Генералу здесь не нравилось. Генерал буквально умирал здесь.

Он просто ненавидел этот город. Город греха и порока, город, где студенты учатся до тридцати лет, будучи на содержании у богатеньких дам, город, где процветают самые богомерзкие извращения, какие только есть на нашей грешной земле: мужеложество, лесбиянство, содержанство, педофилия. Город опер и парков, город венского шницеля и сахарных тортов. Город чардаша – поганого венгерского танца. Город, где цены таковы, что генерал, весьма состоятельный на родине, чувствовал себя просто нищим.
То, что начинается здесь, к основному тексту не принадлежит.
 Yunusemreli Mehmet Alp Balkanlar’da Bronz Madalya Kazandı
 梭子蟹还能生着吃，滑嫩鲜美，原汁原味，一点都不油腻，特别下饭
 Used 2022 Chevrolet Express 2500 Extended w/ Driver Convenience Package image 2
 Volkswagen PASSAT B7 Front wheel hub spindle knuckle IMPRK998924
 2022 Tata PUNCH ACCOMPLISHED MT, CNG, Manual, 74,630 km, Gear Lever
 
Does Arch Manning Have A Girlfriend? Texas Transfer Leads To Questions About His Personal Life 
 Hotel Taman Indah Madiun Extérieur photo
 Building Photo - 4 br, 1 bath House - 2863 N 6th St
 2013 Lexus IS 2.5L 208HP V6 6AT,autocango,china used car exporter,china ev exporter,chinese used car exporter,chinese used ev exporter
Город, где мужчины-аристократы красят губы красной губной помадой, и это считается нормальным. [224] Когда генерал увидел это в первый раз, его чуть не вывернуло наизнанку.

Но генерал служил. Он служил престолу, как всегда, верно и с усердием, он относился ко всему, что его окружает, с известной долей британского скептицизма и самоуверенности. Он просто считал, что это тяготы и лишения воинской службы, и он обязан их претерпевать, будучи слугой Его Величества.
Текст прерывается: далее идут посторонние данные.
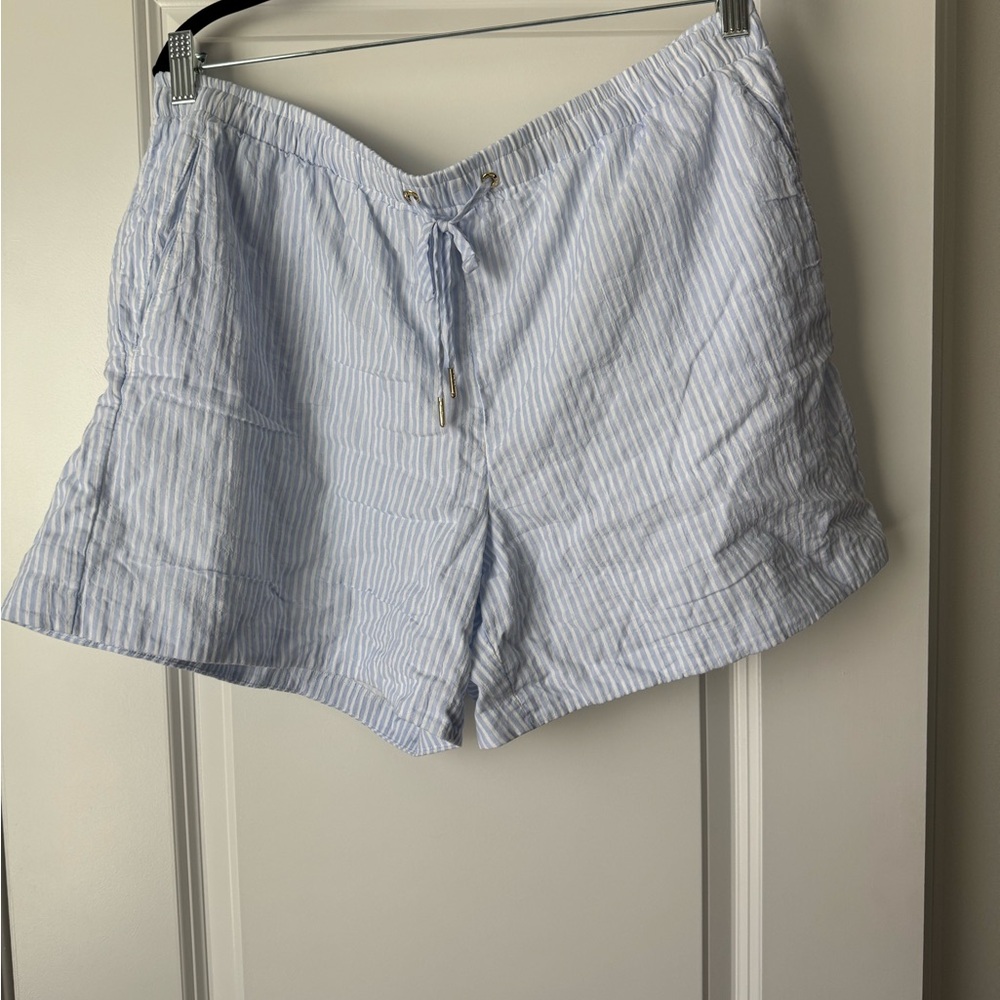 Lilly Pulitzer Blue and White Striped Women's Shorts NWOT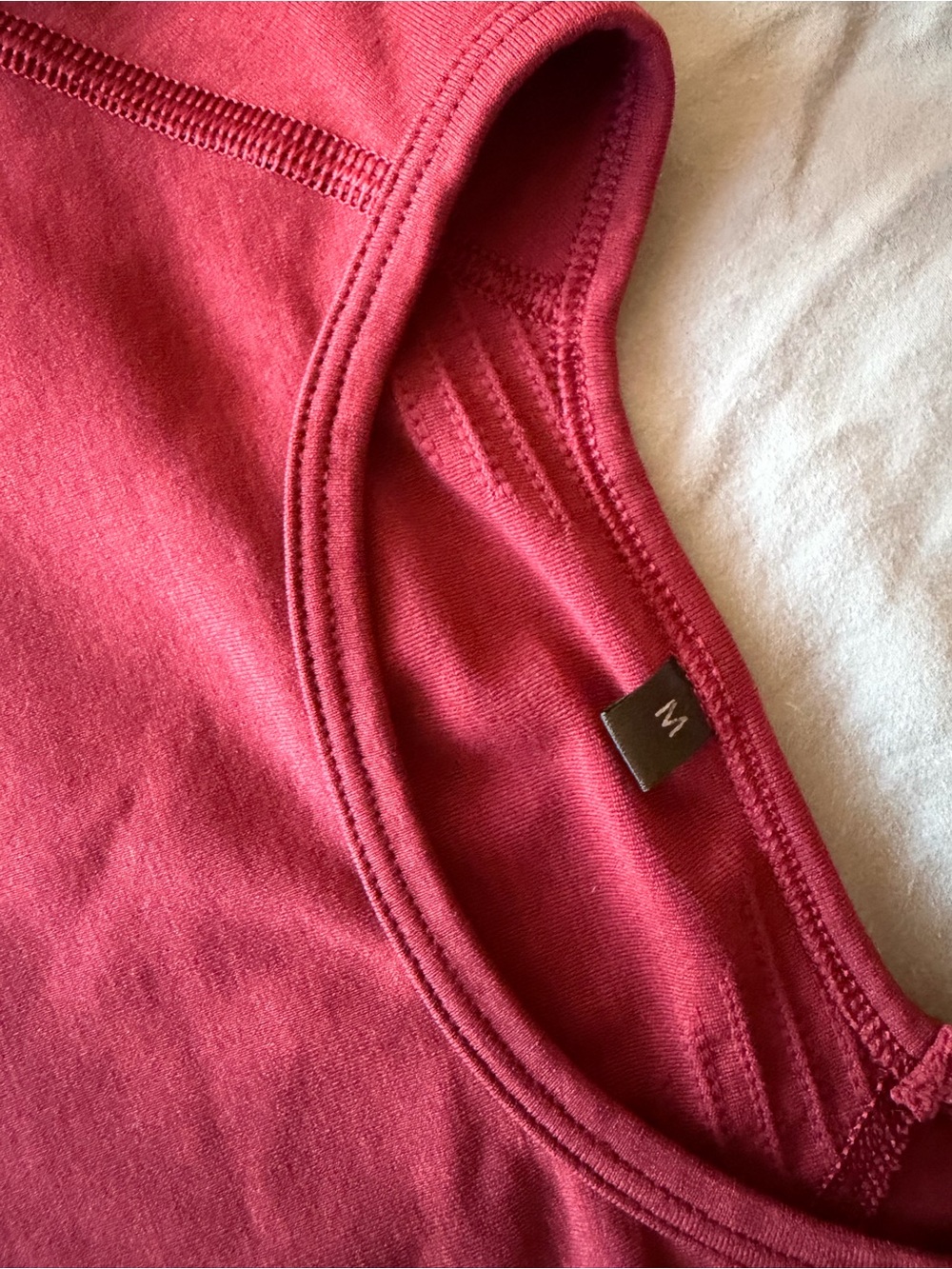 Alphalete Women's Workout Top - Picture 3 of 5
И вот сейчас, уже на старости лет, когда генерал по утрам чувствовал неизбежность подступающей смерти, судьба решила подарить ему подарок, на который он не смел уже и надеяться. Судьба подарила ему возможность расквитаться с ненавистными русскими.

Сейчас граф Хантли, сидя в одном из неприметных кабинетов на втором этаже посольства, окно которого было защищено решеткой, причем не внешней, а внутренней, внимательно выслушивал серого, неприметного человека, служащего в Вене резидентом SIS. [225]

– Судя по данным, поступающим в последнее время, русские и в самом деле готовятся всерьез. В Виленском, Варшавском, Киевском, Одесском военных округах отменены все отпуска и увольнительные, офицерам предписано возвратиться к местам службы как можно скорее. По сообщениям агентуры, русские сейчас проводят внеплановое техническое обслуживание всей своей техники. На аэродромах Виленского и Варшавского военных округов отмечено скопление сил тяжелобомбардировочной авиации, за последние дни туда перебазировалось не менее тридцати тяжелых бомбардировщиков Сикорского. В Ивано-Вознесенске десантная дивизия вышла к аэродромам взлета, это известно достоверно.

Посол вздохнул.

– Я получил не менее четырех шифрограмм только за утро. Мы готовы, но все зависит от проклятого Эрнста. Что вы можете сказать про него, сэр? Я не так хорошо знаю его, а ваша служба, как известно, специализируется на людских слабостях.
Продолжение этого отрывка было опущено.